Les Emirats arabes unis, qui apportent un soutien essentiel au sol à des forces yéménites hétéroclites, avaient donné jusqu’à mardi soir à l’ONU pour trouver une solution et contraindre les Houthis à abandonner le contrôle de Hodeida sans combattre. Alors que cet ultimatum expirait, Anwar Gargash, ministre d’État émirati aux Affaires étrangères, a publié une série de tweets tard mardi soir affirmant que les Houthis ne pouvaient plus «tenir Hodeida en otage pour financer leur guerre» et «détourner» l’aide humanitaire internationale. Il avait une nouvelle fois demandé à «la communauté internationale de faire pression sur les Houthis pour évacuer Hodeida et laisser le port intact». «La libération de la ville et du port créera une nouvelle réalité et amènera les Houthis aux négociations», a-t-il assuré en promettant que «les Emirats arabes unis et la coalition continueront à accélérer le flot d’aide humanitaire à tous les Yéménites». Mardi soir, l’homme fort des Emirats, Mohammed ben Zayed Al-Nahyane, a reçu à Abou Dhabi le président yéménite Abd Rabbo Mansour Hadi, alors que les relations entre les autorités émiraties et ce chef d’Etat qui vit en exil à Ryad se sont nettement détériorées en début d’année.

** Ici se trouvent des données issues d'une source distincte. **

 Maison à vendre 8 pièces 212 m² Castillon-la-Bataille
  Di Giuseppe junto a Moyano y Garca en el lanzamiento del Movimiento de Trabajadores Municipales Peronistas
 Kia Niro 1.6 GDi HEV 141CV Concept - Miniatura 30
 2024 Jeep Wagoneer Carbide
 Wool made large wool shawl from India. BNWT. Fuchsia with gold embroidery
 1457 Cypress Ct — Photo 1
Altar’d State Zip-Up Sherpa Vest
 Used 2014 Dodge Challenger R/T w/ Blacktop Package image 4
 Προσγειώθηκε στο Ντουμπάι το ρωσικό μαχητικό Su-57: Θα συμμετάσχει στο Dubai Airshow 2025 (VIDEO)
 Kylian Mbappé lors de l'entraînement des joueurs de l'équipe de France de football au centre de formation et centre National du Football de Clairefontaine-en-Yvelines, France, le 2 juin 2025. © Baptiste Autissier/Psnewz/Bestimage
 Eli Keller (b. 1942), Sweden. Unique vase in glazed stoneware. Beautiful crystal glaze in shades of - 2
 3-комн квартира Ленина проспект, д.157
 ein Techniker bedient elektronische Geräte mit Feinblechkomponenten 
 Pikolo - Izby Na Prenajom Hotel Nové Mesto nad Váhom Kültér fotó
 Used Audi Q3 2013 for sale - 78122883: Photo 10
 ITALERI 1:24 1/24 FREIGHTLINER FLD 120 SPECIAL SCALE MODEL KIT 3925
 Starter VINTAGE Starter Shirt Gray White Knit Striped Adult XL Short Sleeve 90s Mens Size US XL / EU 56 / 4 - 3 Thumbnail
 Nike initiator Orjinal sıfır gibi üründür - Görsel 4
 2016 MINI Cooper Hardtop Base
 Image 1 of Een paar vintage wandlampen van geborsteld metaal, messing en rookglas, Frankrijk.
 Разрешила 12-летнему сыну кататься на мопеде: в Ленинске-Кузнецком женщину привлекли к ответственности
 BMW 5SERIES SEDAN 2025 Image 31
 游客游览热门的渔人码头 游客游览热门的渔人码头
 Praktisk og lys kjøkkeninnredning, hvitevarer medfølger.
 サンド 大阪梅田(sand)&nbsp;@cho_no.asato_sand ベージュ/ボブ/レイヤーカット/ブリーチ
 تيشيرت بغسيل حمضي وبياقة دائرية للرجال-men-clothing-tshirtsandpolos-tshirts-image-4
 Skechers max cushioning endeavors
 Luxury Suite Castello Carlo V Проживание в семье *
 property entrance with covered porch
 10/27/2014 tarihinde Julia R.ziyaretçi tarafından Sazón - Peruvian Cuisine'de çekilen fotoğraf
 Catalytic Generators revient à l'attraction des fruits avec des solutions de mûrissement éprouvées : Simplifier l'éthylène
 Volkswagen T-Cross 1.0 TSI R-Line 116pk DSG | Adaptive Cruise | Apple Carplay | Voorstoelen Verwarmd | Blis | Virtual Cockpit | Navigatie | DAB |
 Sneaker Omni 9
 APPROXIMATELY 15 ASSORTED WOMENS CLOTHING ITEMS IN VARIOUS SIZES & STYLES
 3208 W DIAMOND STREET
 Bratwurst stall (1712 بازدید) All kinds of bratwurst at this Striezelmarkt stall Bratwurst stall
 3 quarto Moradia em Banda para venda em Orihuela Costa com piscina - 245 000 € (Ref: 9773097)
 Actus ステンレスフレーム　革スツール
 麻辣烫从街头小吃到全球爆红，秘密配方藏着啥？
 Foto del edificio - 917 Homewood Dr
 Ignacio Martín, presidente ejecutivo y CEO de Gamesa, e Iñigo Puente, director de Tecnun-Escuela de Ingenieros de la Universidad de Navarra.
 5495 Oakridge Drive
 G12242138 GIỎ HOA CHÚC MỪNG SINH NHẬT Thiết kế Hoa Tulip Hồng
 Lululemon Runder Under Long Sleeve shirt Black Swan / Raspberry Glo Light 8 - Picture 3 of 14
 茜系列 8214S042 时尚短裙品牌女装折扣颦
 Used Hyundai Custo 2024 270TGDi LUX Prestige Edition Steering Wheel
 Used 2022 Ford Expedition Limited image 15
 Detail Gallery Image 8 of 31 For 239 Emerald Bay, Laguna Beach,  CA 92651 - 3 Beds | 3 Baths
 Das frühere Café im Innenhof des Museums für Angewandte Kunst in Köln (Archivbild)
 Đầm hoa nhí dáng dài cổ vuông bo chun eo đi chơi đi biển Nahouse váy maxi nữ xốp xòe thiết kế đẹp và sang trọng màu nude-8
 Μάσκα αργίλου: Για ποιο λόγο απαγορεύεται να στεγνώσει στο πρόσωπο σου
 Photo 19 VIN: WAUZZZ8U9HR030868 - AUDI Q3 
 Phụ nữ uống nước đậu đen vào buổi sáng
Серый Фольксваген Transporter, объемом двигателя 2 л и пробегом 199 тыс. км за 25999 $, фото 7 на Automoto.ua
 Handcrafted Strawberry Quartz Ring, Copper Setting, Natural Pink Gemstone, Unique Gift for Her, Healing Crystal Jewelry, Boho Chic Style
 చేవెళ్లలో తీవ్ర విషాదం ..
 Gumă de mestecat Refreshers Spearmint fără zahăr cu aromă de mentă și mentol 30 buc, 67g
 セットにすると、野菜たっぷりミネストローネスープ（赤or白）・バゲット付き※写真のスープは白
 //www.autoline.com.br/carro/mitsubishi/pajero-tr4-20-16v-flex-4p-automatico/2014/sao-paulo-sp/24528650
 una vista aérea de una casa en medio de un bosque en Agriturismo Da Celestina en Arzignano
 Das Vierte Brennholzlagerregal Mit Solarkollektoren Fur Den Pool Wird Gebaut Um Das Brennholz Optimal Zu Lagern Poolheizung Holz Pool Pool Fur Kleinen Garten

«Protection des populations»
Mohammed ben Zayed et M. Hadi «ont discuté des moyens d’améliorer les relations bilatérales, ainsi que des développements actuels au Yémen», a indiqué l’agence WAM. Plus tôt, le président français Emmanuel Macron avait appelé les «parties prenantes» dans le conflit au Yémen à la «retenue» et à la «protection des populations civiles», lors d’un entretien téléphonique avec Mohammed ben Zayed. Cet entretien s’est déroulé, notamment «dans la perspective de l’organisation à Paris fin juin d?une conférence humanitaire» sur le Yémen, a ajouté l’Elysée. À la lumière des évènements à Hodeida, une coalition de 14 ONG a demandé mercredi à M. Macron de «reconsidérer le projet de conférence humanitaire sur le Yémen, co-présidée par l’Arabie saoudite». Henrietta Fore, directrice générale de l’Unicef, s’est déclarée «profondément inquiète» et a appelé à la protection des quelque 300 000 enfants qui vivent à Hodeida et dans les environs. L’ONU avait retiré son personnel international de Hodeida lundi et, mardi, la représentante de l’Unicef au Yémen, Meritxell Relano, avait indiqué que son agence avait «prépositionné» dans la ville plus de 20 000 trousses d’hygiène. «Nous espérons ne pas avoir à utiliser» les 40 000 autres trousseaux en cours de préparation, avait-elle ajouté. Les forces anti-rebelles n’ont remporté aucune victoire militaire majeure depuis la reprise de cinq provinces du sud et de la ville d’Aden à l’été 2015 grâce à l’intervention d’une coalition commandée par l’Arabie saoudite. Les rebelles Houthis, originaires du nord du pays, contrôlent par ailleurs toujours la capitale Sanaa. Depuis 2015, la guerre au Yémen a fait près de 10 000 morts, plus de 55 000 blessés et provoqué «la pire crise humanitaire du monde», selon l’ONU.